Ihre Anwendung in der Praxis nimmt langsam, aber sicher zu. Über den aktuellen Stand der alternativen Antriebskonzepte tauschte sich heute die Expertenrunde beim Pressegespräch „Landtechnik unter Hochspannung - Elektrische Antriebe mit Zukunft?!" anlässlich der 69. Internationalen VDI-Tagung LAND.TECHNIK - AgEng 2011 aus.
„Der Einsatz elektrischer Antriebe ist sinnvoll, wenn durch ihn, unter Beachtung ökonomischer Randbedingungen, eine bessere Energieeffizienz oder Prozessexzellenz entsteht", sagt Prof. Stefan Böttinger, Vorsitzender des VDI-Fachbereichs Max-Eyth-Gesellschaft Agrartechnik. Die Möglichkeit, elektrische Antriebe in
Landmaschinen einzusetzen, breche zudem bestehende Denkmuster auf, sodass die Strukturen bisheriger Antriebe und Maschinenkonzepte hinterfragt und Alternativen entworfen werden.
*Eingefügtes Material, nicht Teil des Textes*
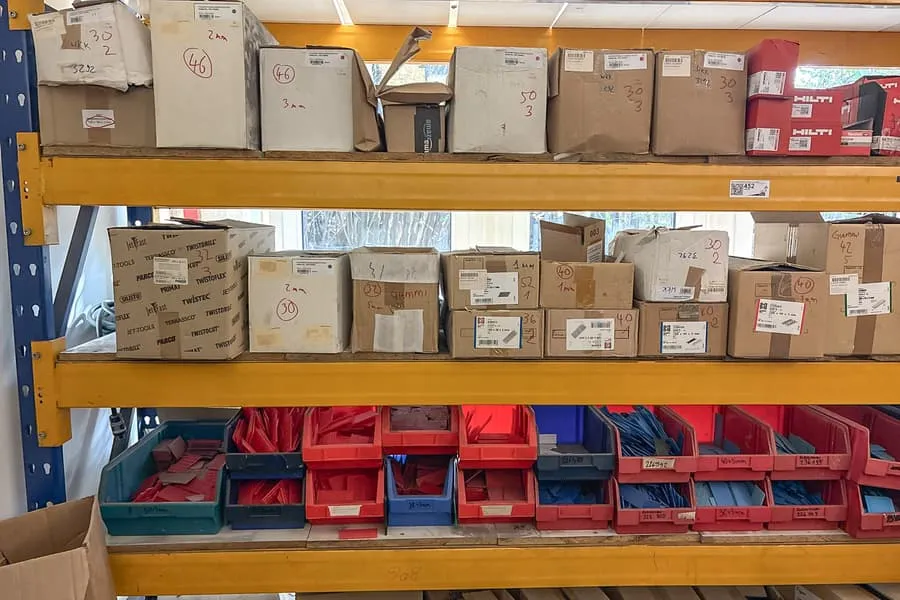 Shelf level contents: various connection and fastening materials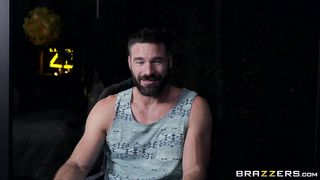Алексис Фокс на лесбийской оргии после ганг банга с порно актерам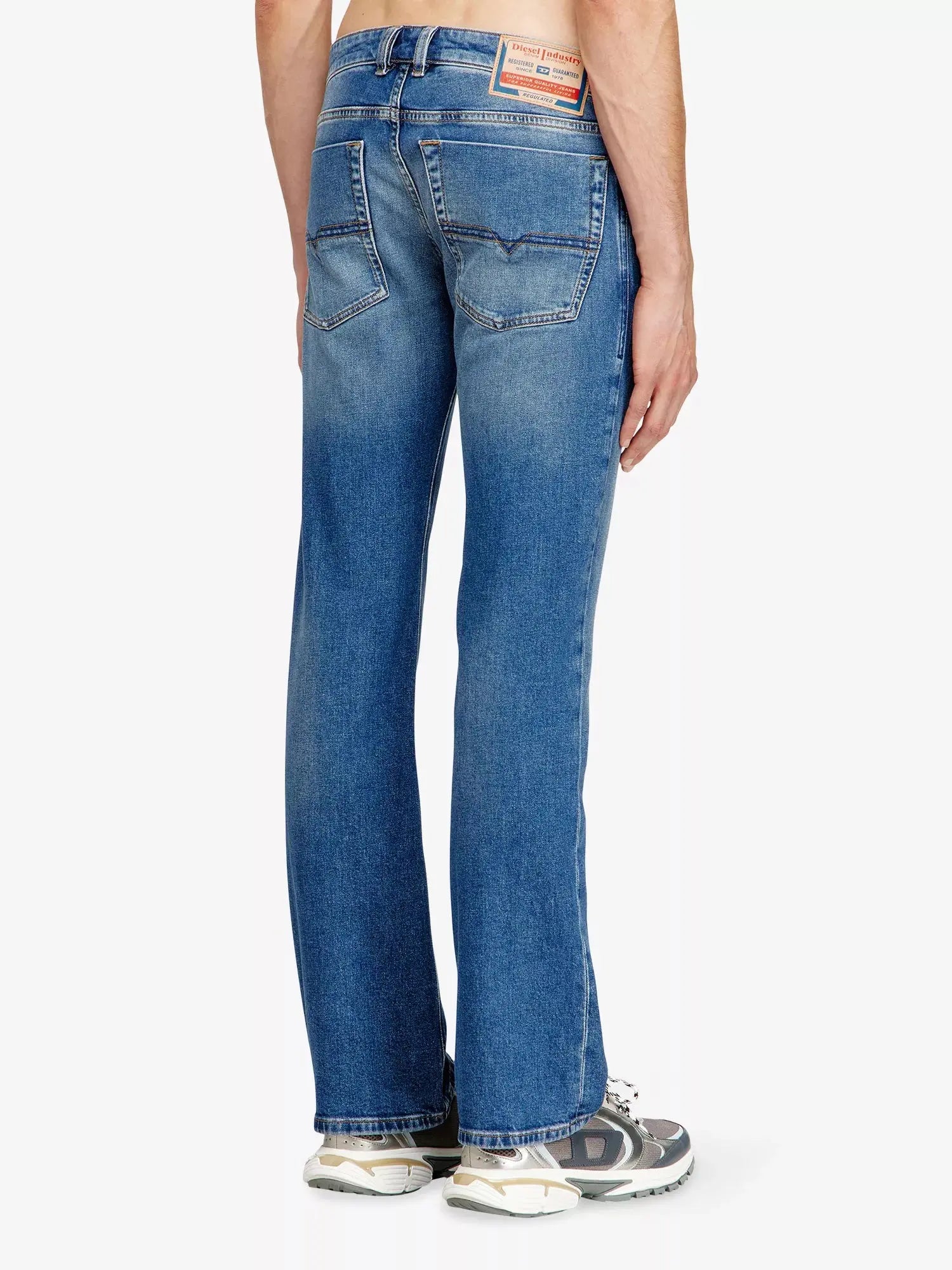 Diesel Men's 2007 Zatiny Oadbi Bootcut-Leg Denim Jeans Diesel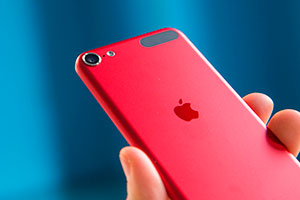 iPhone 7s и 7s Plus выйдут в красном цвете в конце 2017 года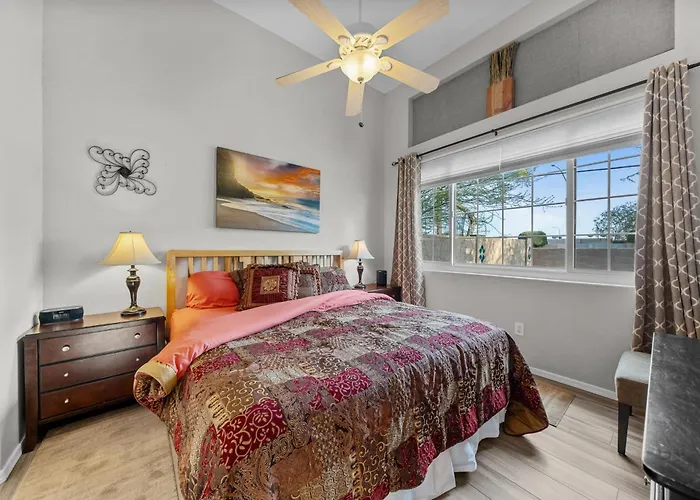 Patio, Grill & Pool Access: Family Retreat In Holiday home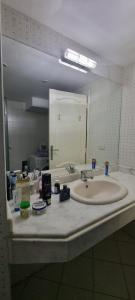 um balcão de banheiro com pia e espelho em Palma Resort em Hurghada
„Große Leistungsverbraucher an Landmaschinen und Geräten werden heute sowohl mechanisch als auch hydraulisch angetrieben. Aufgrund der Vielzahl von Antrieben sind zahlreiche Übertragungselemente notwendig, die zu komplexen Antriebssträngen führen", erläutert Thomas Herlitzius, Professor für Agrarsystemtechnik an der TU Dresden. Eine Alternative dazu seien elektrische Antriebe.
„Die aktuellen Entwicklungen auf den Gebieten der Elektrotechnik und der Elektronik ermöglichen nicht nur die Anwendung elektrischer Antriebe, sondern auch deren Integration in die Arbeitselemente, womit bestehende Nachteile konventioneller Antriebstechnik überwunden werden könnten", so Herlitzius. Dennoch gäben mechanische und hydraulische Antriebe aufgrund ihrer eigenen Vorteile noch immer das Maß an, an dem sich auch elektrische Antriebe messen lassen müssten.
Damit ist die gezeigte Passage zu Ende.